Problem: With images removed, transcribe each record exactly as it appears.

(Short text fragments from websites)
------------
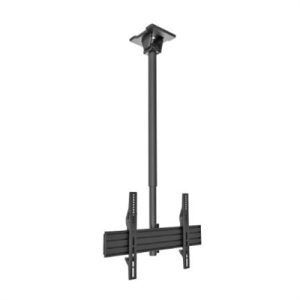 Dual Screen TV Ceiling Mount
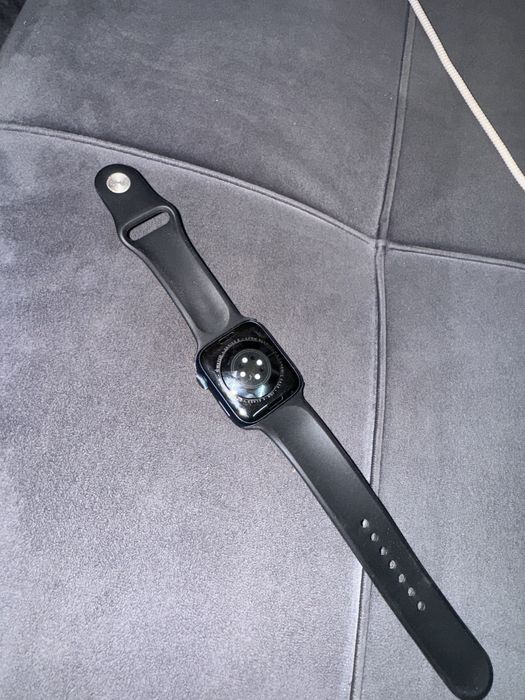 продаю apple watch 6 series 44mm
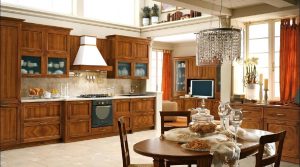 Lustres de cozinha em estilo moderno de interiores (mais de 255 fotos). Qual deles escolher?
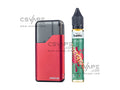 Suorin Air V2 & SaltNic E-Liquid Bundle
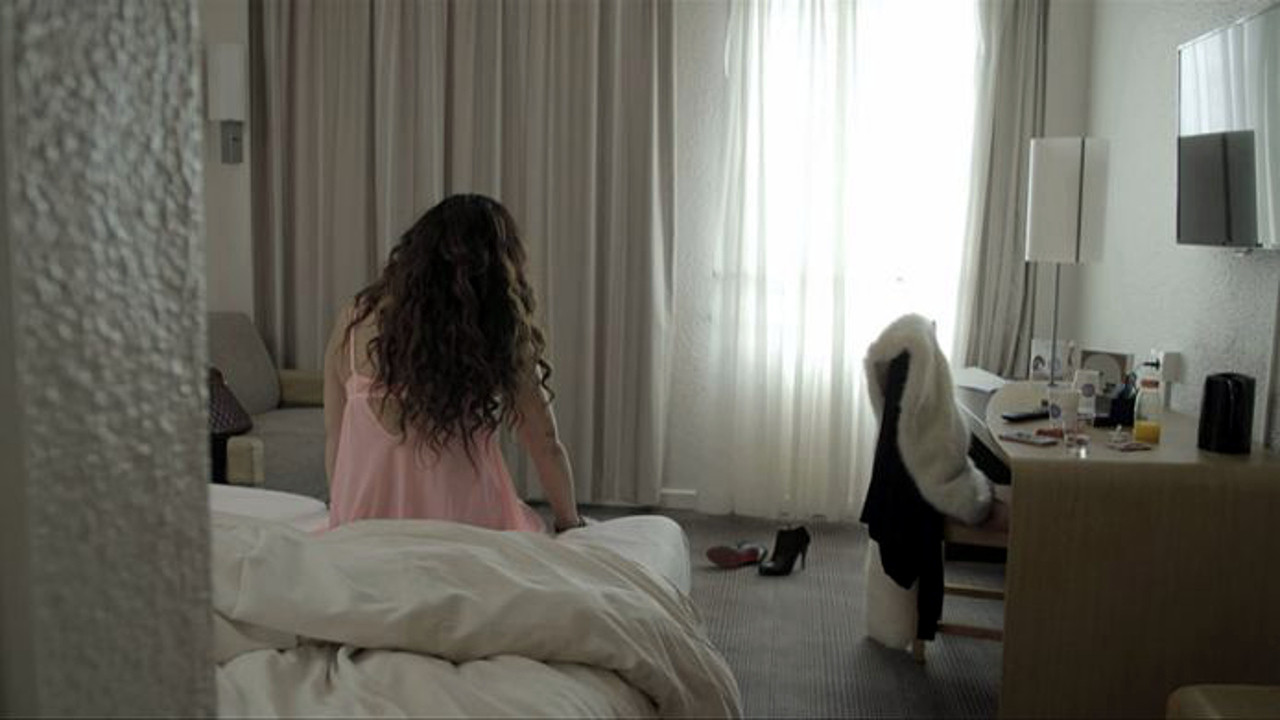 Backdrop for Jeunesse à vendre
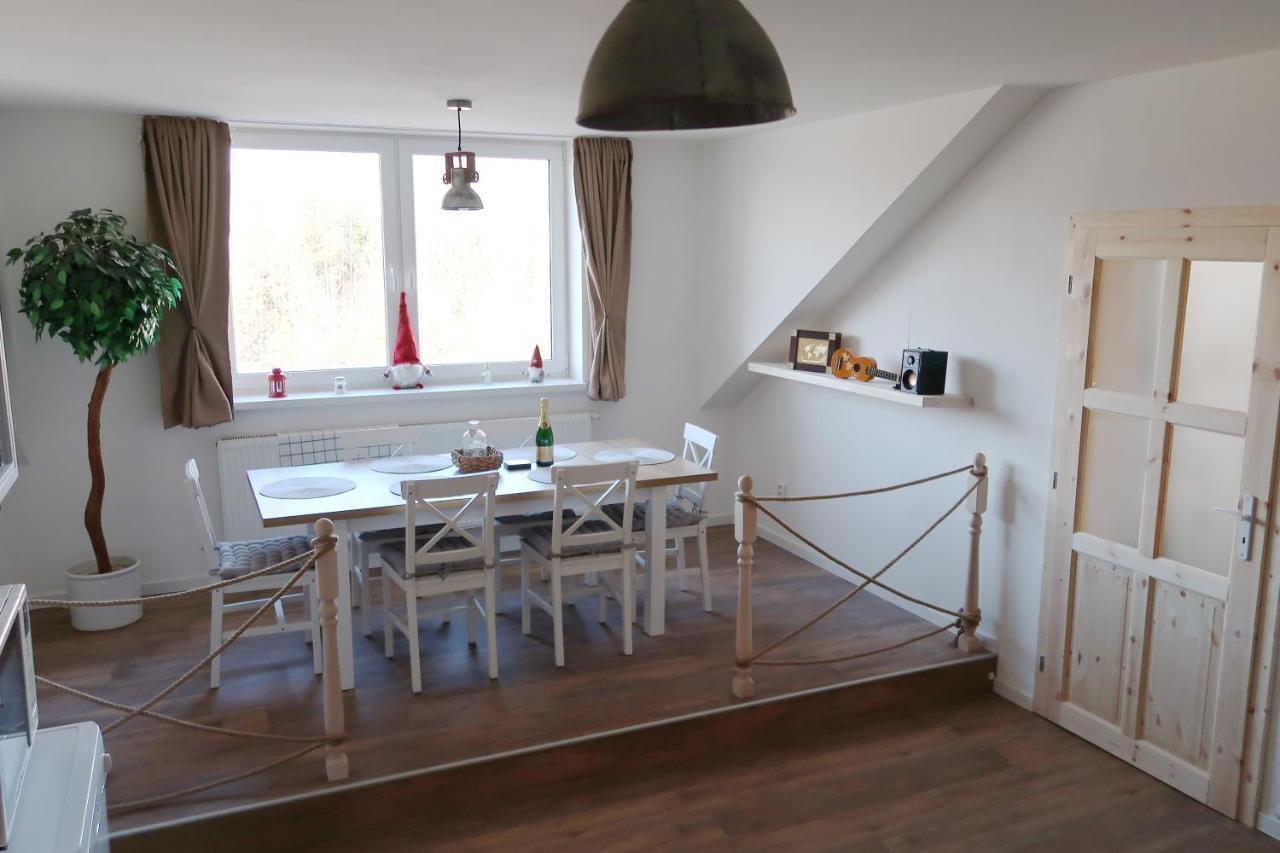 Apartment 55 Tatry Veľký Slavkov Kültér fotó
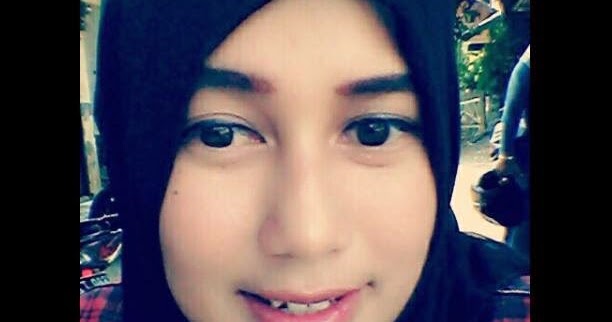 My Hijab dan Sastra Indonesia: my selfie dengan sedikit style dlm ...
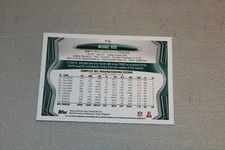 2013 Topps  Football Card Complete Finish Fill Your List Set U-Pick #1-220**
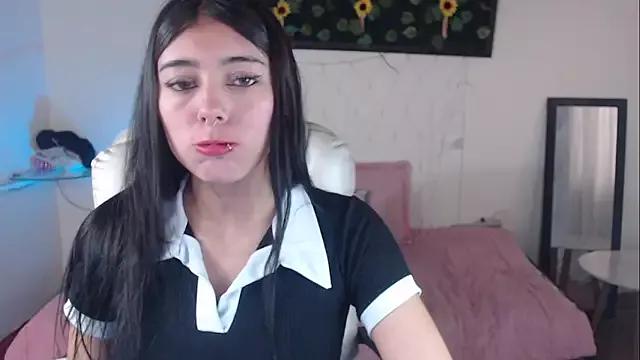 gabriella_live from StripChat is Freechat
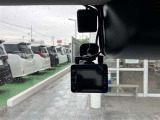 【ドライブレコーダー】予期せぬ事故やトラブルが起こった時の原因究明やスムーズな事故処理等に役立ちます。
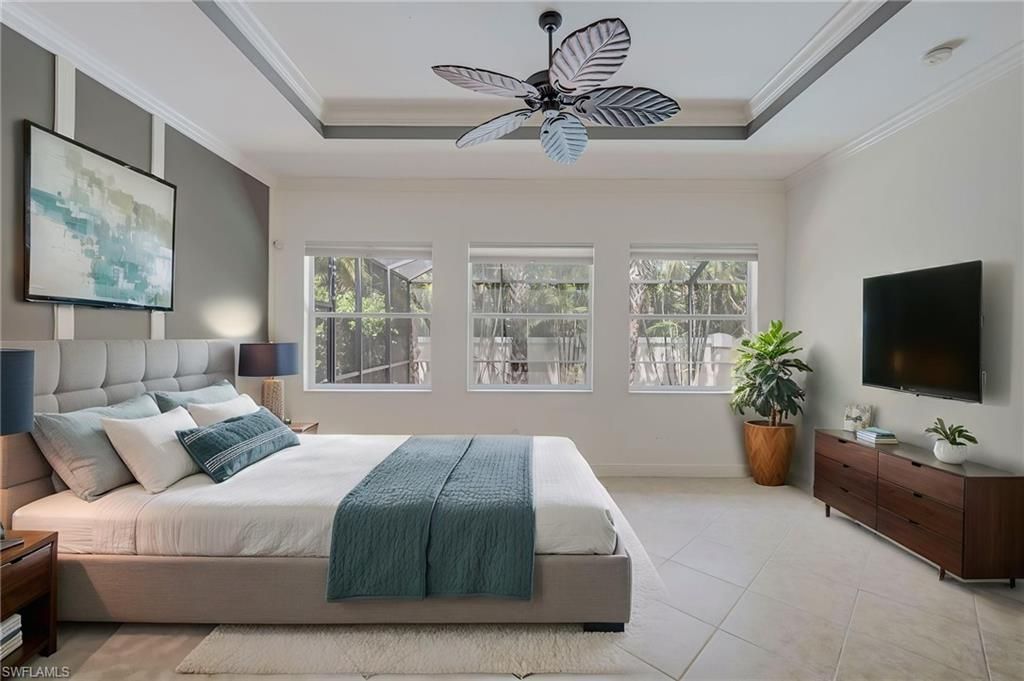 13631 Manchester Way , Naples, FL 34109 Photo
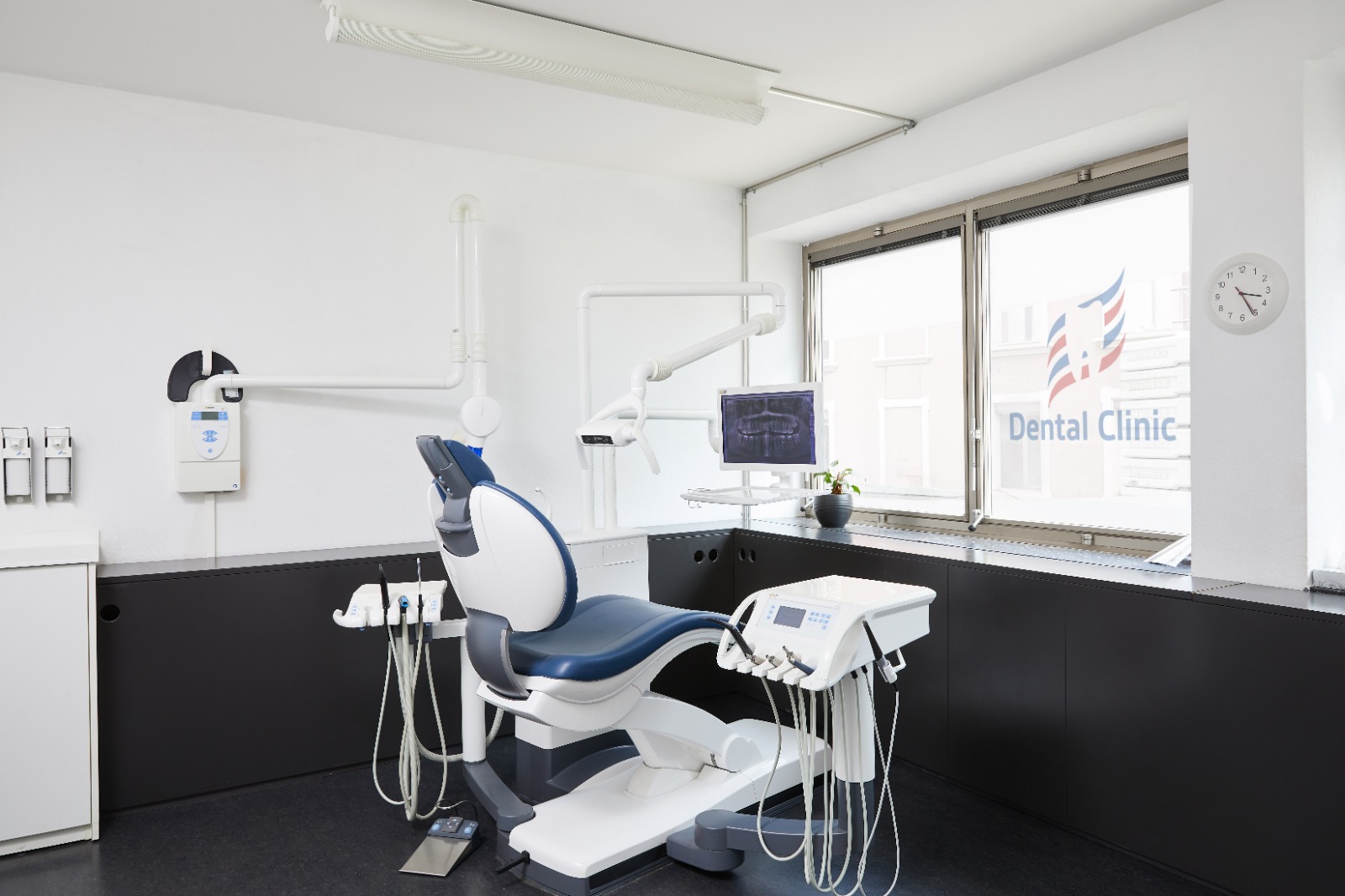 Bilder Dental Clinic Biel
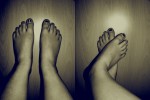 Feet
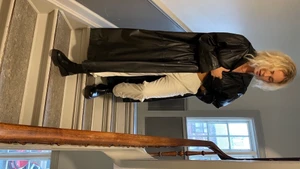 Bukser - Trackbukser brugt 2 gange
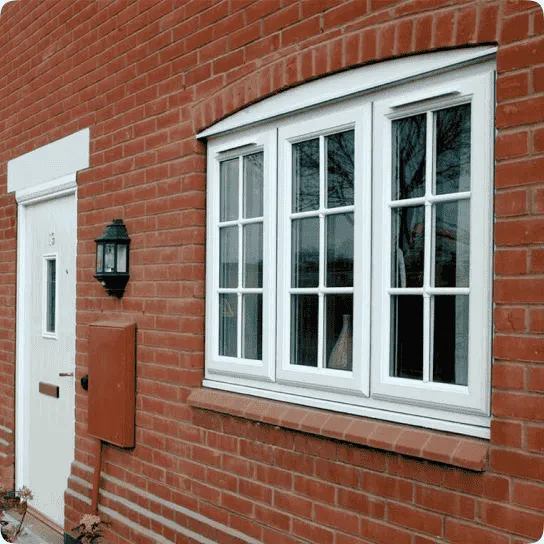 uPVC Windows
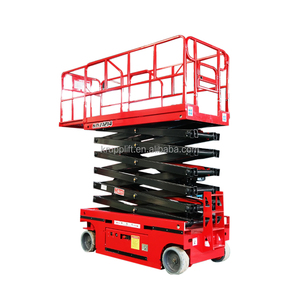 लोगों को ले जाने के लिए हाइड्रोलिक उपकरण - Product Image 2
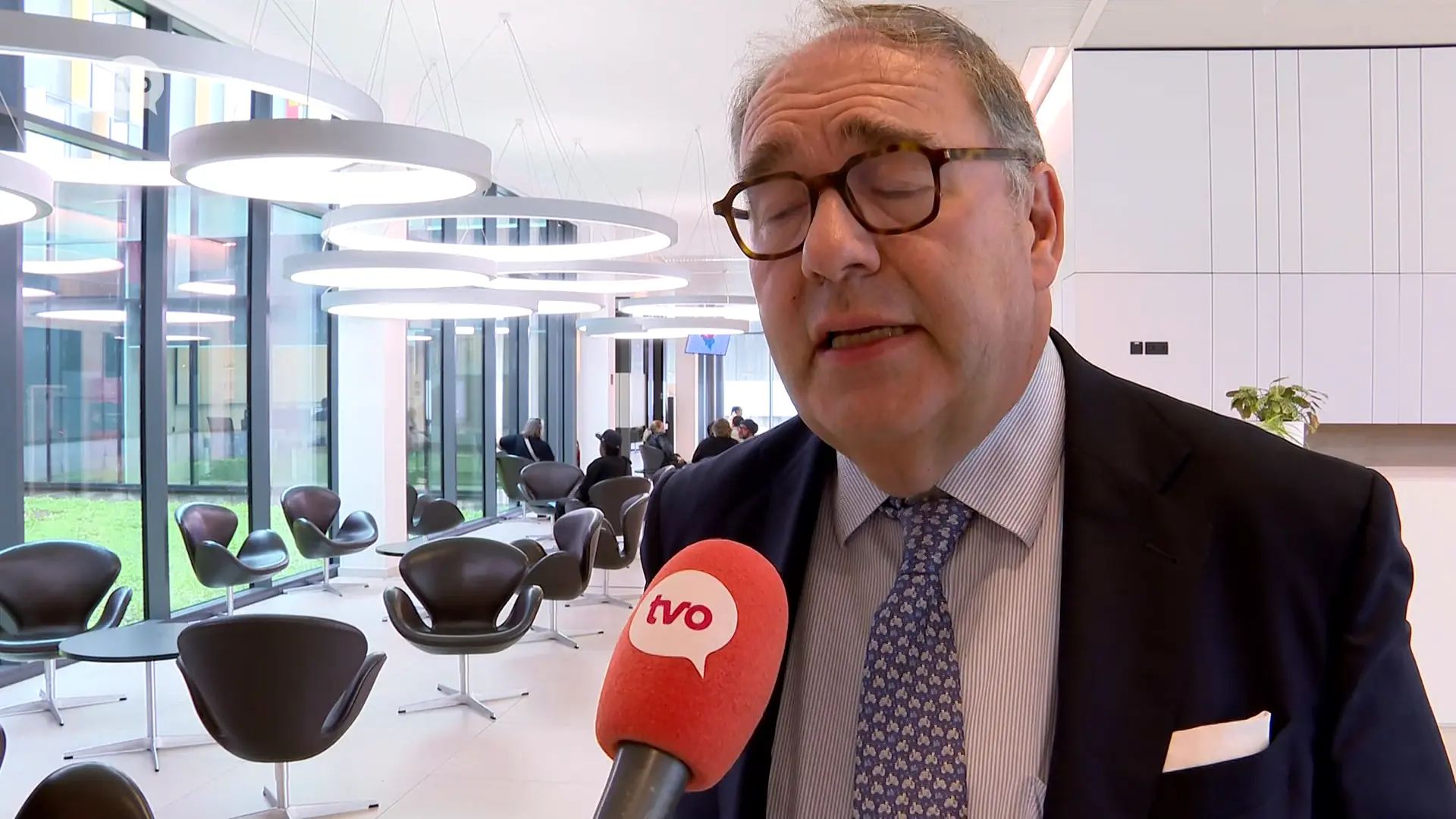 Hoofdafbeelding voor artikel TV Oost Nieuws van dinsdag…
------------
Answer to this problem:
 Dual Screen TV Ceiling Mount
 продаю apple watch 6 series 44mm
 Lustres de cozinha em estilo moderno de interiores (mais de 255 fotos). Qual deles escolher?
 Suorin Air V2 & SaltNic E-Liquid Bundle
 Backdrop for Jeunesse à vendre
 Apartment 55 Tatry Veľký Slavkov Kültér fotó
 My Hijab dan Sastra Indonesia: my selfie dengan sedikit style dlm ...
 2013 Topps  Football Card Complete Finish Fill Your List Set U-Pick #1-220**
 gabriella_live from StripChat is Freechat
 【ドライブレコーダー】予期せぬ事故やトラブルが起こった時の原因究明やスムーズな事故処理等に役立ちます。
 13631 Manchester Way , Naples, FL 34109 Photo
 Bilder Dental Clinic Biel
 Feet
 Bukser - Trackbukser brugt 2 gange
 uPVC Windows
 लोगों को ले जाने के लिए हाइड्रोलिक उपकरण - Product Image 2
 Hoofdafbeelding voor artikel TV Oost Nieuws van dinsdag…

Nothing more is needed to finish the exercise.